Even if not every fautor who sexually engages with prostituted minors commits this type of violent abuse, evidence shows that fautors very likely also utilize other forms of domestic minor sex trafficking, such as child “pornography ,” indicatingg a high possibility that they have sadistic tendancies. It is important to understand that child “pornography” is very different from “normal” pornography in that it mostly depicts graphic acts of violence committed against minors . Lastly, the non-illegal status of fautors poses a question of legal practicality: why, if it is illegal to sell sexual services (i.e. be a prostitute,) should it not also be illegal to buy sexual services (i.e. be a fautor)? It takes two to enact a transaction, and since laws aim to protect society, from a logical standpoint, purchasing sex acts would be as equally threatening to society as selling them. From a logical standpoint, the asymmetry of codified law does not make sense until taking into account that when most laws concerning prostitution were put into effect, seats of power were only held by men —who are overwhelmingly fautors and pimps rather than prostitutes. Thus, current laws are both outdated and discriminatory towards women and child victims of domestic minor sex trafficking, and must be changed to better protect the interests of society at large.

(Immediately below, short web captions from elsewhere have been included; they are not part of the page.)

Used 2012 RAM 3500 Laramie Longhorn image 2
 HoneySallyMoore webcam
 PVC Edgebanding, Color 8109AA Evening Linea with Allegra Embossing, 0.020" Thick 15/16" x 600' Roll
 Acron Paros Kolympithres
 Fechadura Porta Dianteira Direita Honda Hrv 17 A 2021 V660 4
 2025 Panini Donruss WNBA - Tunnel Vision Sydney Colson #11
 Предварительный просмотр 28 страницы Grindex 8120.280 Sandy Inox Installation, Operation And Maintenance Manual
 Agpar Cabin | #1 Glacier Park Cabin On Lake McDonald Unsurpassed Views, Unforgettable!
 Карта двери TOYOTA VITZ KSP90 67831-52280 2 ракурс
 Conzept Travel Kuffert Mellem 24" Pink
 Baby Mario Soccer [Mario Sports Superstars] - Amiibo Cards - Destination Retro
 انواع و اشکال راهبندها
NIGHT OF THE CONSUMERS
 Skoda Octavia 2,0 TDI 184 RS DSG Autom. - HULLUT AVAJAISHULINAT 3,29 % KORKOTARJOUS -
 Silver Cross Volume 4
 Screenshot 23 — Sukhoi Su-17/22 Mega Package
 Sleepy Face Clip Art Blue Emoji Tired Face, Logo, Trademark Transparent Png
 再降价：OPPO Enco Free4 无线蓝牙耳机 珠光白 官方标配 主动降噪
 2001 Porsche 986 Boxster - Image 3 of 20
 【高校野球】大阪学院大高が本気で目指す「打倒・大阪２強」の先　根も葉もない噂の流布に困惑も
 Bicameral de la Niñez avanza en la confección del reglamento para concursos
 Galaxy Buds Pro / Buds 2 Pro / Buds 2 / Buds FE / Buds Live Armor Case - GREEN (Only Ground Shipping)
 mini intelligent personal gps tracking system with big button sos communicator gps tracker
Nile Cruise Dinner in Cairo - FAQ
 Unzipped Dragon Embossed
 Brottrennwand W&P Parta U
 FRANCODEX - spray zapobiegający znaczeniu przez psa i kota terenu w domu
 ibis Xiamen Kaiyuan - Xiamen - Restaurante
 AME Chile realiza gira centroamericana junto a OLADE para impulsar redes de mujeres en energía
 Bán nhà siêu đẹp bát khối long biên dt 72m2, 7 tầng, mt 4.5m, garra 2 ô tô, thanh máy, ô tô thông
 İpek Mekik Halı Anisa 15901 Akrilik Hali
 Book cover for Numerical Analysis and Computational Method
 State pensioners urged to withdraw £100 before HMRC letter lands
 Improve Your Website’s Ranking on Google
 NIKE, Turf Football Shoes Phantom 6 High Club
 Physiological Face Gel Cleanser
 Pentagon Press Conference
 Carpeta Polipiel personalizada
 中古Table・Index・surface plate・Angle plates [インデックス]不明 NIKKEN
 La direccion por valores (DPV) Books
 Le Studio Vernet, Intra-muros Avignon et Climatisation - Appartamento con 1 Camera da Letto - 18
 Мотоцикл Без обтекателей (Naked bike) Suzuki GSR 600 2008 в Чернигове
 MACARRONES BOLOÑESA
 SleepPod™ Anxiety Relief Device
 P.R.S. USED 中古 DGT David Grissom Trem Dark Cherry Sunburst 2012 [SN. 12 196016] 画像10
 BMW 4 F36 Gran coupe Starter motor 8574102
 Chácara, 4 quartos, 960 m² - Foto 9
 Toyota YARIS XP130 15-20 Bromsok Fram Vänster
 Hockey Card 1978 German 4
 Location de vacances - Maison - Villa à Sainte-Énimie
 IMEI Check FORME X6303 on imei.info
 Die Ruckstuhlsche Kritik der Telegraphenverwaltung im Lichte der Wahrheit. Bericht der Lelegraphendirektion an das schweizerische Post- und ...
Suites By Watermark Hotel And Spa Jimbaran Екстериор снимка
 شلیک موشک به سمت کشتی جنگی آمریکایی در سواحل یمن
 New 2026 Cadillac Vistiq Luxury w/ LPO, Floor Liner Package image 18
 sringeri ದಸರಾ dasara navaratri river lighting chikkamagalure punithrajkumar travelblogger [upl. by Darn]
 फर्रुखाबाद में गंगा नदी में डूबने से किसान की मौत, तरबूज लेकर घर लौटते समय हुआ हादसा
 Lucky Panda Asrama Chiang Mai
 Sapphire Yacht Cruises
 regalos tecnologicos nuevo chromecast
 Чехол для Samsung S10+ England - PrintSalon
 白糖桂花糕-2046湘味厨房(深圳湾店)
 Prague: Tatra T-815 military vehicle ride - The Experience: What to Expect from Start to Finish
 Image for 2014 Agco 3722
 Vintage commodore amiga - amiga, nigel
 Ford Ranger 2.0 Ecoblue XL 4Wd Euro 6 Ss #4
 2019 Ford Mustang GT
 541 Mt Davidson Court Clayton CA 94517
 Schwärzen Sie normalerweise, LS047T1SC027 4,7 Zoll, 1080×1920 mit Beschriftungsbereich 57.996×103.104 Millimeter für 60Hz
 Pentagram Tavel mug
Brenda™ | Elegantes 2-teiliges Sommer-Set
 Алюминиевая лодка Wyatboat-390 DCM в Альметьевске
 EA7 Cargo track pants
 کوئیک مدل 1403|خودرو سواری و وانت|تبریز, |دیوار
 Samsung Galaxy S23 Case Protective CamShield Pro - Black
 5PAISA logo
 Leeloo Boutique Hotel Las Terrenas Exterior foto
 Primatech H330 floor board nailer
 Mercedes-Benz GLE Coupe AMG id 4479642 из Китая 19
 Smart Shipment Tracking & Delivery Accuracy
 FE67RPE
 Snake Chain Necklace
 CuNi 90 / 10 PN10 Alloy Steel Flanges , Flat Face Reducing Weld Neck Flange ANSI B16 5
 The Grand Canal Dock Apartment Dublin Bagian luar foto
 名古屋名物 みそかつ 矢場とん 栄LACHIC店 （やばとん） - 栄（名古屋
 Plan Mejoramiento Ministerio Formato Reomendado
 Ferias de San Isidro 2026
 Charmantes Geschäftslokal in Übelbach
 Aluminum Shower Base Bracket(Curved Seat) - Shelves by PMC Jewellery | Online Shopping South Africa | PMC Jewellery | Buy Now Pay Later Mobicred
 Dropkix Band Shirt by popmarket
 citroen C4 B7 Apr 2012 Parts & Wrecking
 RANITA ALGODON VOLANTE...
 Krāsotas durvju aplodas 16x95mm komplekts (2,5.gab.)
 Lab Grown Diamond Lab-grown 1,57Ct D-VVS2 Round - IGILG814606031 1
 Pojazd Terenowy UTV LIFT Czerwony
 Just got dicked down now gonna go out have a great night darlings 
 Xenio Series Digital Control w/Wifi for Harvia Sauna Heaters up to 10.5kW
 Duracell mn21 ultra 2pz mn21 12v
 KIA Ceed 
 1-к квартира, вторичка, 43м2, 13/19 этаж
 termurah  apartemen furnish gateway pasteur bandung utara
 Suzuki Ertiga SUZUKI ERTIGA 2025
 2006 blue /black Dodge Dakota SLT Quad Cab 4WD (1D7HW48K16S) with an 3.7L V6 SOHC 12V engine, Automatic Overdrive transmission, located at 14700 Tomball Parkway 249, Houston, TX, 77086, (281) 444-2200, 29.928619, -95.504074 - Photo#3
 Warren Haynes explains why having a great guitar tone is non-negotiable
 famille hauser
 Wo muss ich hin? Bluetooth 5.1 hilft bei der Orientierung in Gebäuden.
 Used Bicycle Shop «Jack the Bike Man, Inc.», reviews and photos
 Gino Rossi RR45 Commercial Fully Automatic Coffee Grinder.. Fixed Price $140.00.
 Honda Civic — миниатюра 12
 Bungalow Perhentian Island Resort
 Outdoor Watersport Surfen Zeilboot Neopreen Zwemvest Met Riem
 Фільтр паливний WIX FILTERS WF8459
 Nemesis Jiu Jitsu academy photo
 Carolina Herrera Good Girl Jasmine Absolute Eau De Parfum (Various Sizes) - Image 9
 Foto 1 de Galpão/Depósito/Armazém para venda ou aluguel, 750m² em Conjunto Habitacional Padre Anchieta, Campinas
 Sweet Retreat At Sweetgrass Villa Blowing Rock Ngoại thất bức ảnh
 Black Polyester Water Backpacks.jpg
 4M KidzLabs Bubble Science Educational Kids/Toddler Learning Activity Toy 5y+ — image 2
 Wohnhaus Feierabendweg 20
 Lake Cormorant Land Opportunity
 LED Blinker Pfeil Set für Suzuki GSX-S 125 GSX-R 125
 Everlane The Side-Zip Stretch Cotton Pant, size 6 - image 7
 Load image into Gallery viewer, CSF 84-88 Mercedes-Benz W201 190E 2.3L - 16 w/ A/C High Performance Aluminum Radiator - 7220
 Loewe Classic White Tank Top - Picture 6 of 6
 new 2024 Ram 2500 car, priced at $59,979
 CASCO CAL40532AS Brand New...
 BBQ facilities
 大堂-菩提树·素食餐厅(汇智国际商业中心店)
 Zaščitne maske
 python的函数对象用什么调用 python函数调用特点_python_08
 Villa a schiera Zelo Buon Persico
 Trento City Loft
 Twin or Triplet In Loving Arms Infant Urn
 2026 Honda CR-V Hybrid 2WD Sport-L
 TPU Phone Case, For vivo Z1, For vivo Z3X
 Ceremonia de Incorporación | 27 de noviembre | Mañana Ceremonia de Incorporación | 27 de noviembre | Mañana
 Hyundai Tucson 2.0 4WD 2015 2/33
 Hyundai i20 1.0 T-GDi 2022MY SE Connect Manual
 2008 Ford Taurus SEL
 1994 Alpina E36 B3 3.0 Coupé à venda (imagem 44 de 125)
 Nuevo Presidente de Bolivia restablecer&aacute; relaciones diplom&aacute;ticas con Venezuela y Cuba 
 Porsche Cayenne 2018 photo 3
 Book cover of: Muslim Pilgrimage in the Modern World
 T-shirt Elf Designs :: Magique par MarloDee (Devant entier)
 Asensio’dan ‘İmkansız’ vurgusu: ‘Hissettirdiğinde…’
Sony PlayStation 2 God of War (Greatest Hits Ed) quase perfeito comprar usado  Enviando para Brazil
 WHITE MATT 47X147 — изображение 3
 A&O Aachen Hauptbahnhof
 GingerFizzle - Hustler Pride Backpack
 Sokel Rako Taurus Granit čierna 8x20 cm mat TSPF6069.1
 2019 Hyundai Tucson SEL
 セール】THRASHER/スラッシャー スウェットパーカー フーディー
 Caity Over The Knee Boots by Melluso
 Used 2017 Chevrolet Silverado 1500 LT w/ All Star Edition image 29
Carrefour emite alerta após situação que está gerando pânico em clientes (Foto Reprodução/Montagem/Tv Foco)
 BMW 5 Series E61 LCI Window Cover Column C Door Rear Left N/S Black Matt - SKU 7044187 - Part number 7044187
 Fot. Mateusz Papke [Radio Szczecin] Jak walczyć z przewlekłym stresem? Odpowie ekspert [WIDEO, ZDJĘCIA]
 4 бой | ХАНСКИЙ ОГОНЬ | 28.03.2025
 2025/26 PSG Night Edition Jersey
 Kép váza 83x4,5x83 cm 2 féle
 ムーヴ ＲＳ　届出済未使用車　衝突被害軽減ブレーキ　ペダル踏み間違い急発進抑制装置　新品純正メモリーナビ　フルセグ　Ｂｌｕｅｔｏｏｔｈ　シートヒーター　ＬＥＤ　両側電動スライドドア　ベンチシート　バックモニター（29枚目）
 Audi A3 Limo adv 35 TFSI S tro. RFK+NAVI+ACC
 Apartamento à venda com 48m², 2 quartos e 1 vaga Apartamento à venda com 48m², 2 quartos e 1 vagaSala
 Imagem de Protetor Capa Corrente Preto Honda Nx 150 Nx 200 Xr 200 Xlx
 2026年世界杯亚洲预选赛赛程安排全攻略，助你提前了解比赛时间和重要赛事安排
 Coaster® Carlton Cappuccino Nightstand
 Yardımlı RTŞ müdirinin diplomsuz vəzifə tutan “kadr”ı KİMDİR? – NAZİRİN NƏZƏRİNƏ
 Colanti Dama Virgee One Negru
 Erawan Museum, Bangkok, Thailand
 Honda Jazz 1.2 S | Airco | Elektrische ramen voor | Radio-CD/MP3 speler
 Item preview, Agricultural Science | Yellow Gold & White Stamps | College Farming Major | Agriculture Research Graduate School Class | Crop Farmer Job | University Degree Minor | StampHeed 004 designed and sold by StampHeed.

There are also some very significant flaws to arguments favoring the incarceration of prostituted youth as the best available option, as well as the argument that victims be pressured to comply with the requests of law enforcement. Firstly, it is important to point out that no other victim of sexual abuse is forcibly placed in holding facilities for their protection—not “domestic violence victims, rape victims, or other child sexual abuse victims.” This forced imprisonment reinforces the idea that the victims are to blame for the crimes committed against them, and forces them to self-identify as criminals rather than as victims. One survivor of domestic minor sex trafficking said: “I always felt like a criminal. I never felt like a victim at all. Victims don’t do time in jail, they work on the healing process. I was a criminal because I spent time in jail. I definitely felt like nothing more than a criminal” . This failure to self-identify as a victim has two grave consequences for law enforcement. Firstly, because the sexually exploited person will see herself as a criminal, she will see law enforcement as the enemy, and will therefore resist cooperating with law enforcement. This is problematic both because “Front line responders have found domestic minor sex trafficking victims more readily disclosing about their exploitation when they are addressed as victims of a crime,” and also because her unwillingness to provide information will hamper efforts to catch criminals and wrongfully make her seem delinquent. Her wrongfully assumed delinquency will most likely result in her further alienation from the “good” side of the law, less responsiveness to what she will need to escape and recover from domestic minor sex trafficking and less of a chance that her trafficker will go to trial, as:
A recent study of federal prosecutions of commercial sexual exploitation of children cases across the country from 1998 to 2005 disturbingly revealed nearly 60% of cases involving prostitution of a minor presented to the U.S. Attorney’s Offices were declined for prosecution. Admittedly, the caseload of federal prosecutors more than doubled in the eight-year timeframe of the study; however, the 60% declination rate is still high when compared to the other federal offenses, such as drug trafficking (15% declined) and weapons charges (26% declined).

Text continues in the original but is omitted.